De-tangling timestamps: part2

Yesterday, Alice de-tangled one more part of the messy time stamp problem by fixing bug#419487.

All data points for time on Talos and graph server now use “build time”, not “testrun time”.

This will greatly simplify a lot of manual regression triage work for people looking at performance graphs on graph server. Now, if you are tracking down what change caused a perf regression:

  • Before 8am PDT Wednesday, 25 June 2008, all charts use “testrun time”. This means debugging regressions require manually padding a regression range multiple hours wider  – enough to catch from start of build through queue to job starting on available slave. Different O.S. take different amounts of time, and any machine hiccups really complicate this padding-guess-work further. If you get it wrong, you can incorrectly rule out bad changes, so pad out more then you think.
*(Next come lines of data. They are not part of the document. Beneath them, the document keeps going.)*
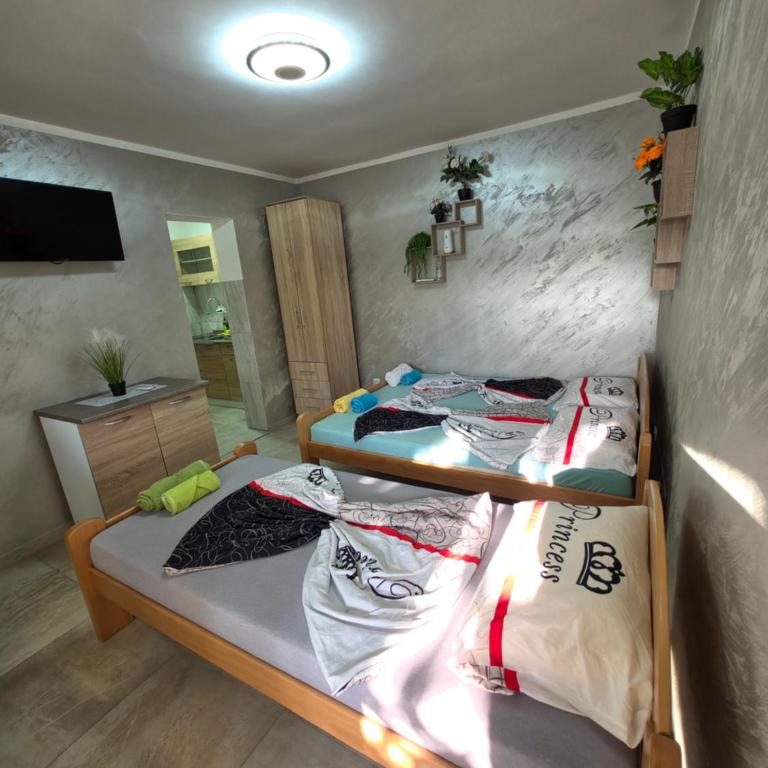 City Apartmani - Studio sa Pogledom na Planinu - 3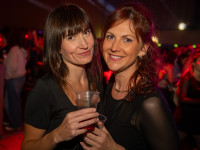 Und drinnen tanzt der Bär Galerie 1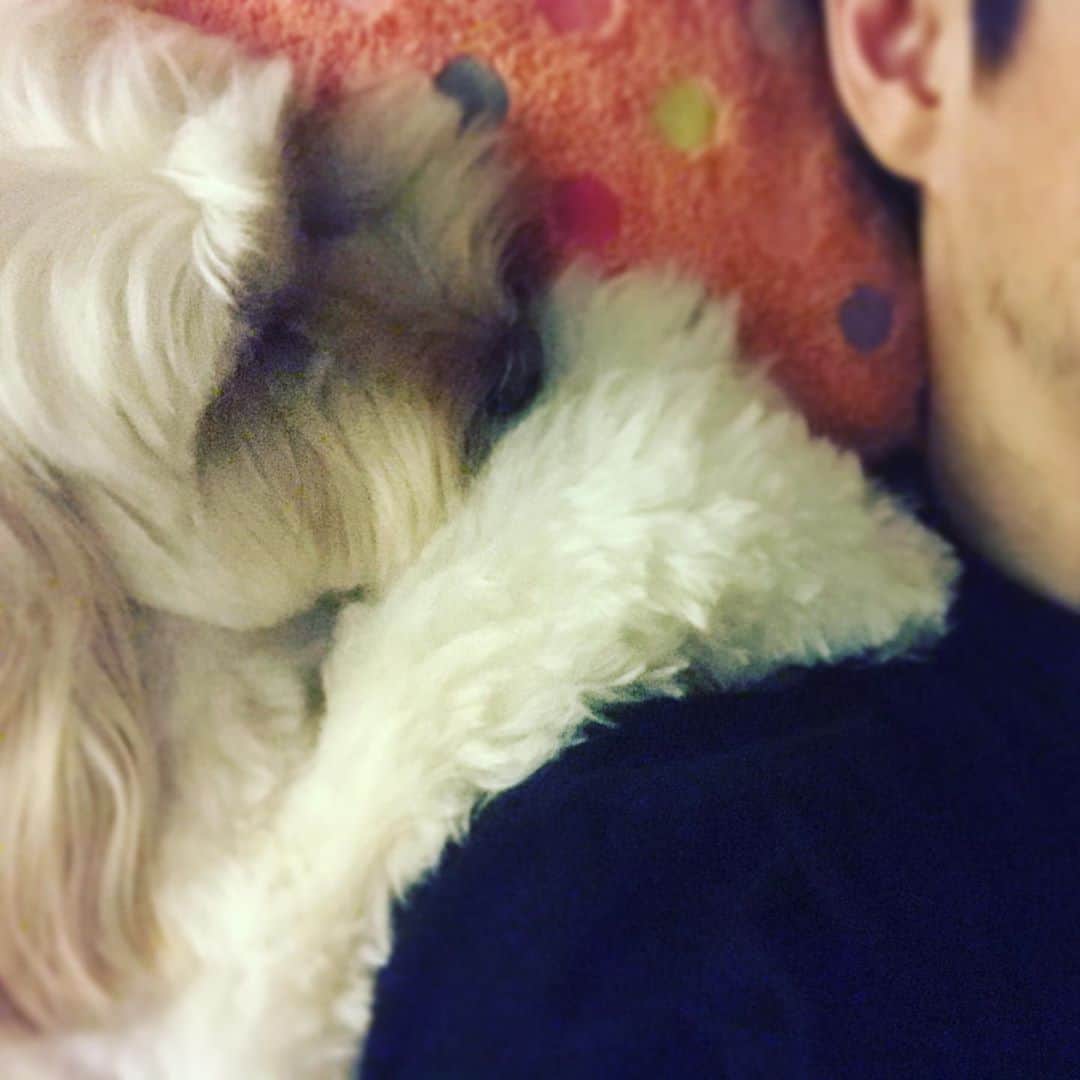 北山陽一のインスタグラム：「寝てる…#きたやまおもち」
It means extra triage work, but is safer.
  • After 8am PDT Wednesday, 25 June 2008, all charts use “build time”. We’re still fixing other problems with timestamps, so you still need *some* extra range padding, but much less padding then before. At most manually pad out to the next/previous hour. This padding should be fixed once the BuildID changes in bug#431270 and bug#431905 are landed.

Anyone curious for details should read Alice’s recent post to mozilla.dev.builds and mozilla.dev.performance (”change in talos time stamps (as of 8am PDT June 25th 2008)”), bug#291167, bug#417633 and bug#419487. This is a continuation of the work described (in tedious detail!) in my previous blog post.

This sounds like a small simple change, but it was not. Its a tricky, complex, area in the infrastructure, with lots relying on it, and lots of different people with different assumptions about how time is used here. There was lots of behind-the-scenes homework on this, and to avoid causing any confusion, we held off landing this until after Firefox3 shipped.

Tip of the hat to Alice for pushing this through to production so smoothly.

One thought on “De-tangling timestamps: part2

  1. […] the Tinderbox, Builds, Unittest, Talos and GraphServer systems all needed ways to uniquely identify builds, so each system invented their own (different!) way of doing this… all because the old BuildID was not good enough. Matching up these different systems – how to post a talos result on tinderbox for example – is quite a headache. We’ve already done some cleanup (here and here), but this new BuildID should let us simplify much more of that cross-system integration. […]